Financial Independence Progress Report for June 2018

June is traditionally the second biggest month of the year for dividends.  But, since my portfolio rework over March and April of this year, dividends are going to look different than prior years. Dividends will be more stable and divided evenly across all months of the year. June will still be the second biggest month, but will be less in absolute numbers compared to prior years. Let us see how the numbers look for June 2018.

6/08/2018
Emergency Fund 34.67% 28.78%
College Fund 53.79% 53.70%
Passive Income (2017 vs 2018) $2389.89(6/2017) $1721.47 (6/2018)
Retirement Fund 83.01% 85.73%
Roof for our Family($750K) 00.00%
Medical Fund (via HSA) 9.82% 9.79%
Life Insurance Done (term life insurance policy)

Main Takeaways this month

  • Passive Income Stream
    • My passive Income for June 2018 is approximately 27% lower than June 2017. It is expected to be so 🙂
      • In March an April, I redistributed where my funds are invested. Cashed out some gains and converted quarterly dividends to monthly and more importantly more stable and tax efficient dividends.
      • The June, September and December dividends are going to be much less. But, the total dividends for the entire year will be higher though.
      • Compared to this time last year, the total dividends this year through end of June is 21% more than 2017….just distributed differently.
  • Additional Investments
    • Investments in taxable accounts
      • Nothing new to report here as I am out of cash 😐
      • Loaned out some emergency fund money to a friend who had an emergency….so priority is to rebuild my emergency fund now.
    • Investments in tax-deferred account (IRA)
      • I bought some more of VIHAX (International High Dividend) and VTIAX (International index). Both are down a few % points this year and I took advantage of this to dollar cost average down my investments.
  • Miscellaneous
    • Last month I said this…..
      • I have started a new way of tracking numbers for the next phase of my financial independence journey…will talk about this over the next couple of weeks.
    • Found an error in my tracking spreadsheet and had to make some changes. So decided to push the date by a couple of weeks to test drive it a bit more. Will update the blog soon.

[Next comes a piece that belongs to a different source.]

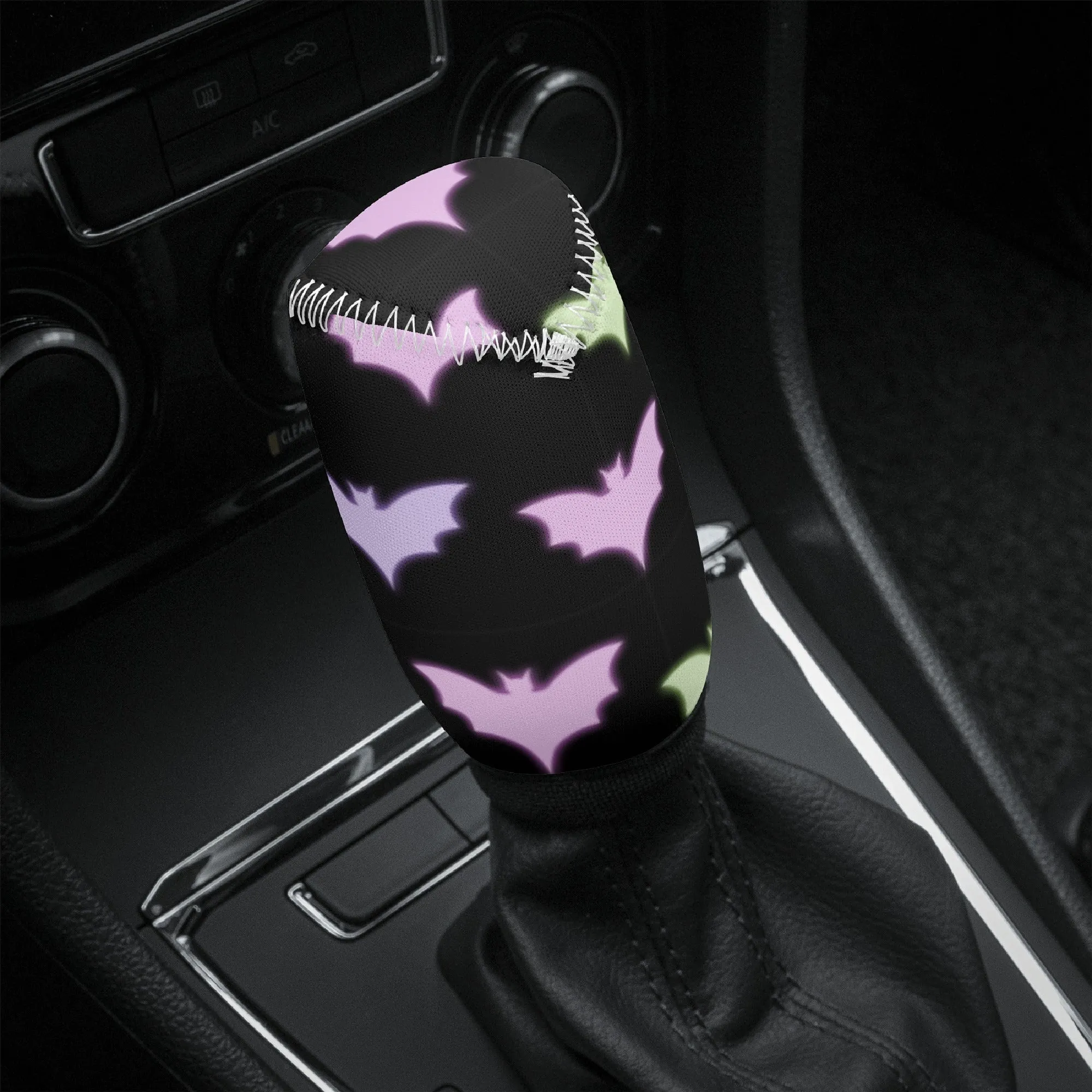 Gear Knob Cover for Cars | Manual or Automatic Transmission stick cover | Car Shifter Gear cover -Pastel Goth Bats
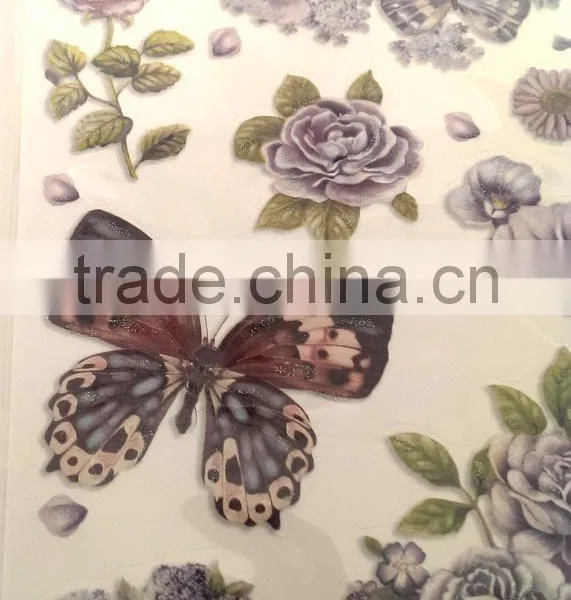 Purple Color Butterfly & Rose Design Sticker, Antique Decorative Shinny Glitter Sticker photo-6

Financial Independence Progress Report for May 2018

May is another slow month. But, since my portfolio rework over March and April this year, dividends for rest of the year are going to look totally different than prior years. May is the first month where the total effect of the changes will be seen. Let us see how the numbers look for May 2018.

6/08/2018
Emergency Fund 20.83% 34.67%
College Fund ($80K 100K…$20K increase) 65.61% 53.79%
Passive Income (2017 vs 2018) $470.72(5/2017) $1228.30 (5/2018)
Retirement Fund 78.08% 83.01%
Roof for our Family($750K) 00.00%
Medical Fund (via HSA) 9.77% 9.82%
Life Insurance Done (term life insurance policy)

Main Takeaways this month

  • Passive Income Stream
    • My passive Income for May 2018 is 160% higher than May 2017 🙂
      • In March an April, I redistributed where my funds are invested. Cashed out some gains and converted quarterly dividends to monthly and more importantly more stable and tax efficient dividends. Details in April monthly progress report.
      • The June, September and December dividends are going to be much less. But, the total dividends for the entire year will be higher though.
  • Additional Investments
    • Investments in taxable accounts
      • Nothing new to report here as I am out of cash 😐
      • In April, I took money from my emergency and home down payment funds and deployed them to generate more passive income for me.
      • From this month on, I need to rebuild my emergency fund.
    • Investments in tax-deferred account (IRA)
      • In the last few months, I have taken some profits and set up a a cash fund to take advantage of the next investing opportunity. Unlike 2008, I want to have a cash fund ready to take advantage of lower asset prices in the next bear market!!
      • I bought some more of VEIPX (Vanguard Equity Income Fund) and VIHAX (International High Dividend). Both are down a few % points this year and I took advantage of this to dollar cost average down my investments.
  • Miscellaneous
    • I had to revise up the money allotted for the college fund. Looking at the projected cost of college, I will not have the capacity to fully fund college. But, my goal is to fund at least some of it.
    • I have started a new way of tracking numbers for the next phase of my financial independence journey…will talk about this over the next couple of weeks.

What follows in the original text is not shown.